The Writer Who Will Help You Finish Your Novel is on Facebook
Posted: September 6, 2010
Tags: tools, community, William Wordsworth, social media, workshop
Hundreds of writers keep up with their readers on Mark Zuckerberg’s social networking site; Paul Harding is on Facebook, Susan Orlean is on Facebook, Jericho Brown is on Facebook. We writers have been told that having a presence on Facebook will help increase our readership, but will it help us hone our craft?
When a reader imagines a writer at work he may call up the image of a gentle genius alone in a rickety garret, candle flickering against the damp. But the writer’s vocation requires less of a sudden stroke of solitary insight than it does perseverance, collaboration and community.

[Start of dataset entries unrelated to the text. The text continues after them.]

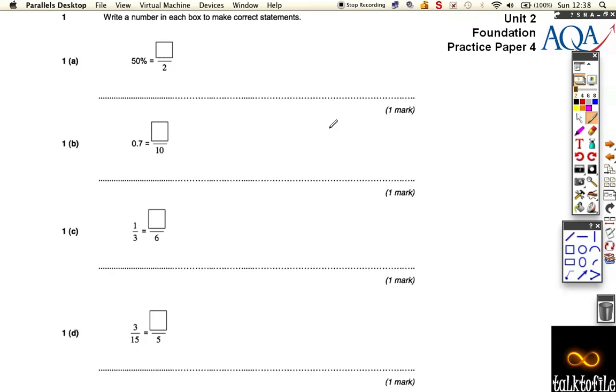Okay, question one. We've got four statements and we need to fill them out. The first one is obviously just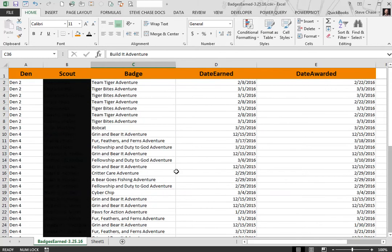Okay, in this video we're going to look for certain badges that these scouts have earned and we've got some duplicates that we need to delete the records of.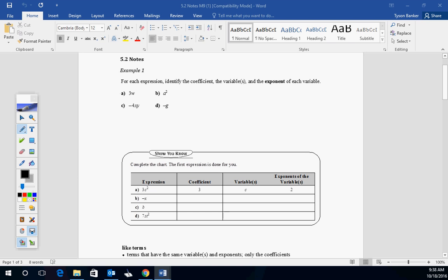We're continuing on polynomials. Just so you know where we're going, we're having chapter 5 and chapter 7 as one unit test this time. Chapter 5 is polynomials and the addition and subtraction of them, and chapter 7 is multiplying and dividing them. So 5 and 7 will be together, which means you're going to have two packets and a bigger unit test.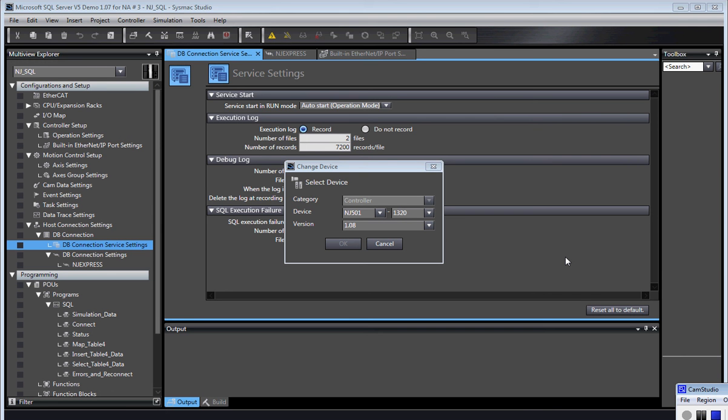Hello and welcome to Omron's Cryptic video series. In this video we're going to show you how to join an NJ SQL to a Microsoft SQL Server.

Performing artists pool their skills to produce a performance. From lighting design to choreography, costumes to continuity, a project’s success depends on its collaborators. Literature is likewise woven from the weft of a writer’s language drawn through the warp of his community. Two or three dedicated readers and a shelf of annotated novels with broken spines may be the quietest jewels in the writer’s crown, but they are his most precious.
Putting words to the page may happen in solitude but the volumes of correspondence from one writer to another are evidence that ideas incubated in the writer’s mind are warmed by conversation with a sympathetic reader.
“Almost immediately, it seems, after Coleridge’s arrival [at Wordsworth's home], Wordsworth was reading aloud his new poem ‘The Ruined Cottage’ (with which Coleridge seemed ‘much delighted’), and after tea Coleridge recited two and a half acts of his tragedy Osorio.” (“The Friendship: Wordsworth and Coleridge” by Adam Sisman, page 177.)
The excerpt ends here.